Devletin huzurevi binasını tamamlayamaması nedeni ile geçici kiralanan bu yerin şu ana kadar huzurevi olarak kullanıldığını kaydeden Jenkins, “Devlet 2011 yılından beri Lapta Huzurevi’nin kirası için aylık 5 bin 800 sterlin ödüyor” dedi.
Jenkins, devlete ait olan bakımevinin ise Kalkanlı Bakımevi olduğunu ve burada yaklaşık olarak 65 yaşlıya bakıldığını belirterek, “Burada kalan bakıma ihtiyacı olan kişiler olduğu gibi, yoğunlukta bedensel olarak sağlıklı ancak psikolojik ve ruhsal rahatsızlıkları olan hastalar da yer alıyor.

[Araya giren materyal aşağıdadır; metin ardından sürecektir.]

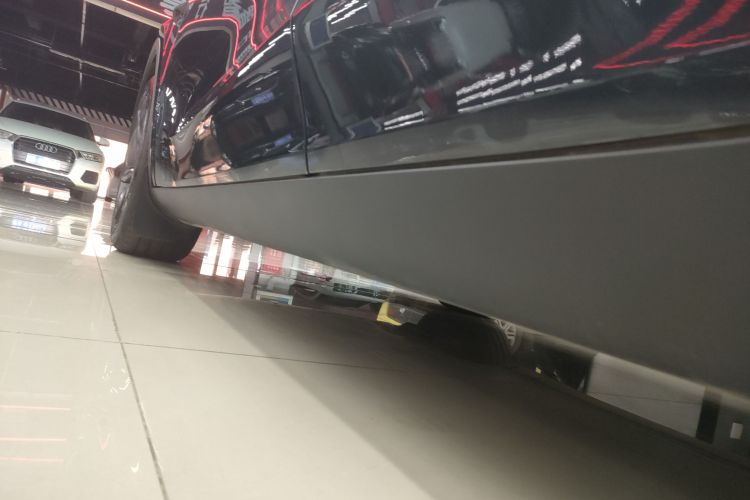 特斯拉 Model Y 2025款 后轮驱动版局部细节9002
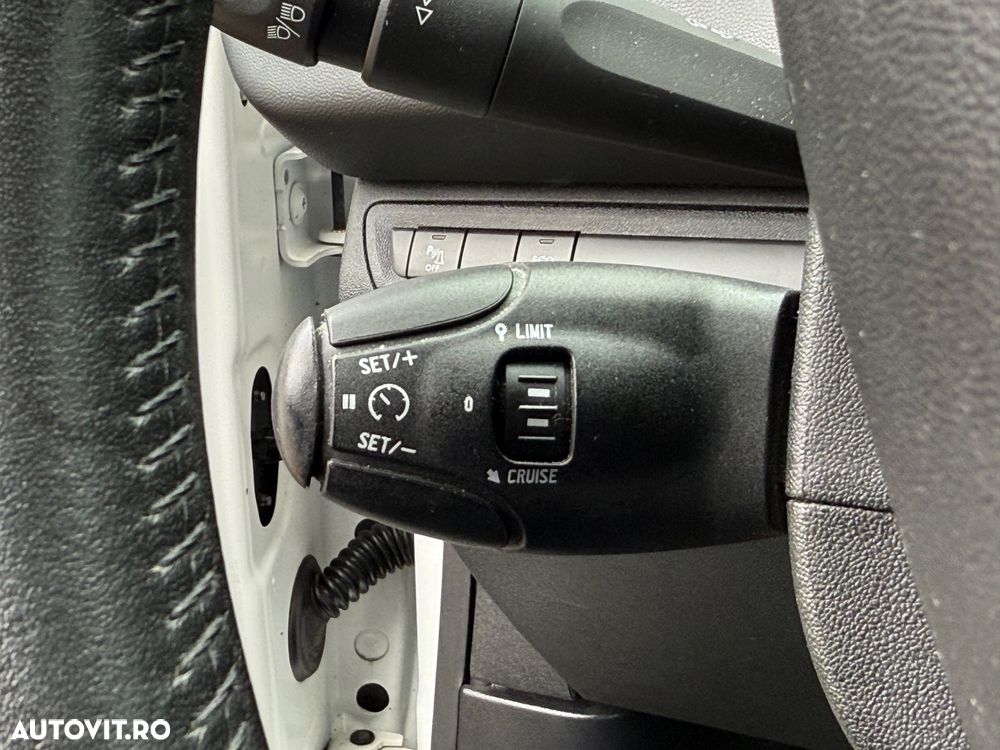 Peugeot 208 PureTech 82 Start & Stop Active - 8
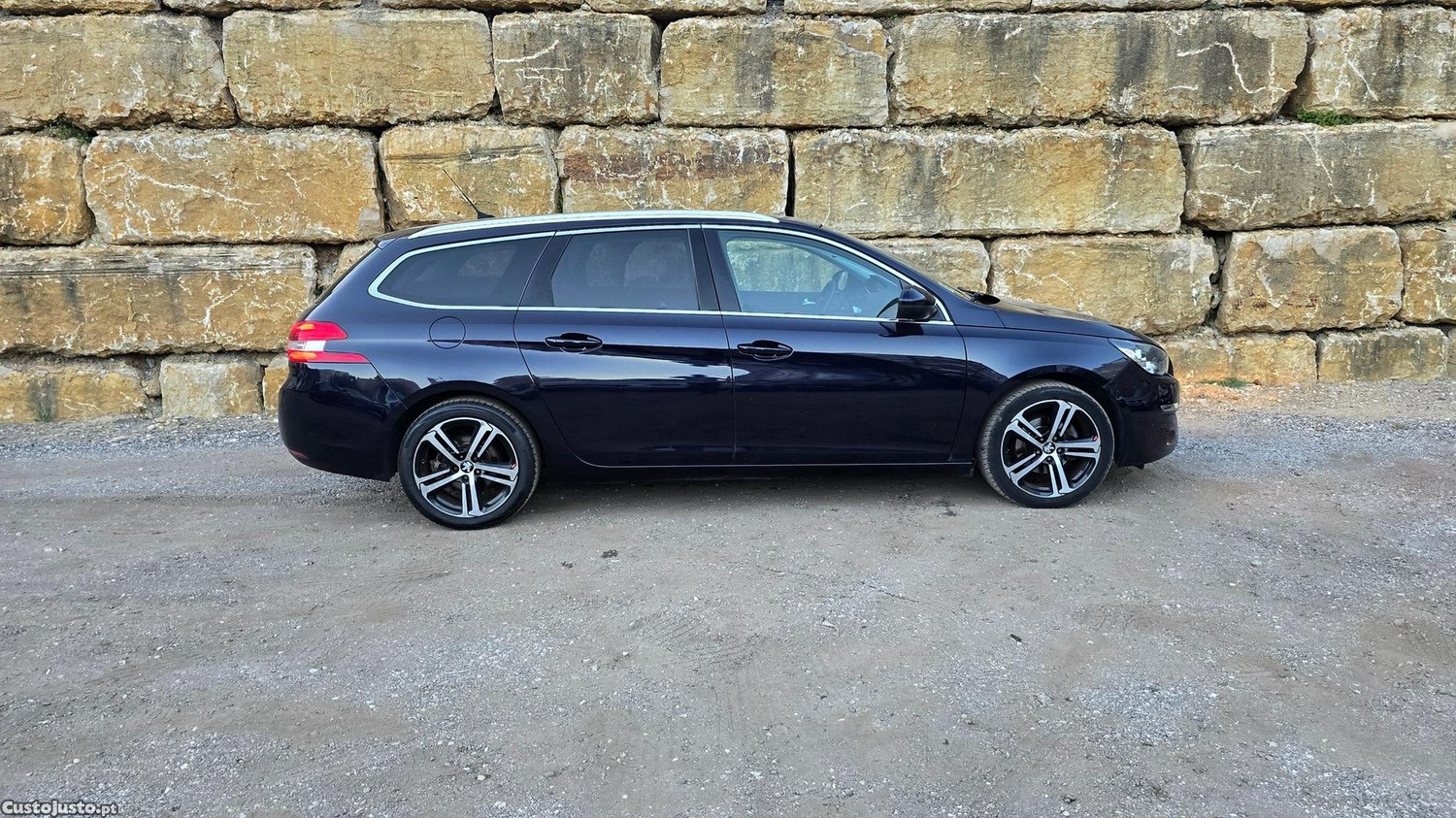 Peugeot 308 SW 1.6 BlueHDi Allure J17 - 15 — photo 4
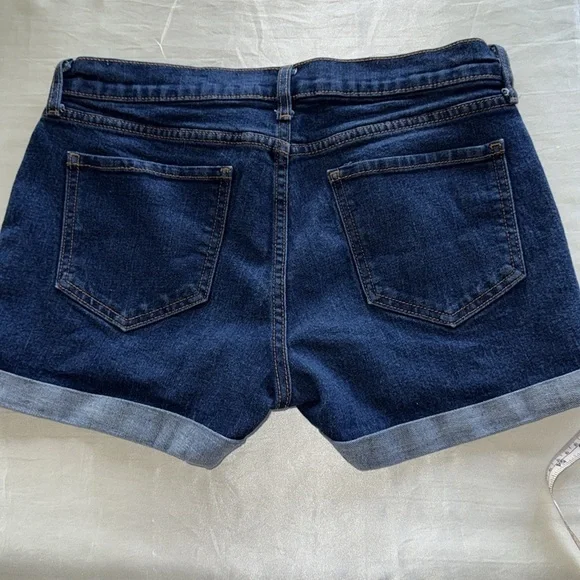 Old Navy Mid Rise Cuffed Dark Denim Shorts 3” Inseam Semi Fitted Stretch Size 6 - Picture 8 of 9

Kalkanlı Bakımevi’nin de binası diğerlerinde olduğu gibi bakımevi için uygun koşullarda değil” dedi.
“4 özel bakımevi var”
Özele bağlı faaliyet gösteren Lefkoşa’da 2, Mağusa’da da 2 olmak üzere 4 tane bakımevi olduğunu belirten Hatice Jenkins, devlet ve özel bakımevlerinin şu an toplamda yaklaşık 230 kişiye hizmet verdiğini açıkladı.
Jenkins, var olan bakımevlerinden hiç birinin binasının yaşlı bakımına uygun olmadığının altını çizerek mecliste görüşülmesi beklenen Yasa Tasarısı’nın geçmesi ile var olan bakımevlerinin hepsinin 2-3 yıl içerisinde yeni kurallara uymak ve daha yüksek standartlara erişmek zorunda olacağını ifade etti.
Bunlar arasında en önemlisinin ise gerek devlet gerekse özel bakımevleri olsun hepsinin de yeni binalara ve eğitilmiş personele ihtiyaç duyacağının altını çizen Jenkins, bu standartlara erişmek için devletin gerekli teşvikleri sağlaması ve özel girişimcileri desteklemesinin son derece önemli olduğunu vurguladı.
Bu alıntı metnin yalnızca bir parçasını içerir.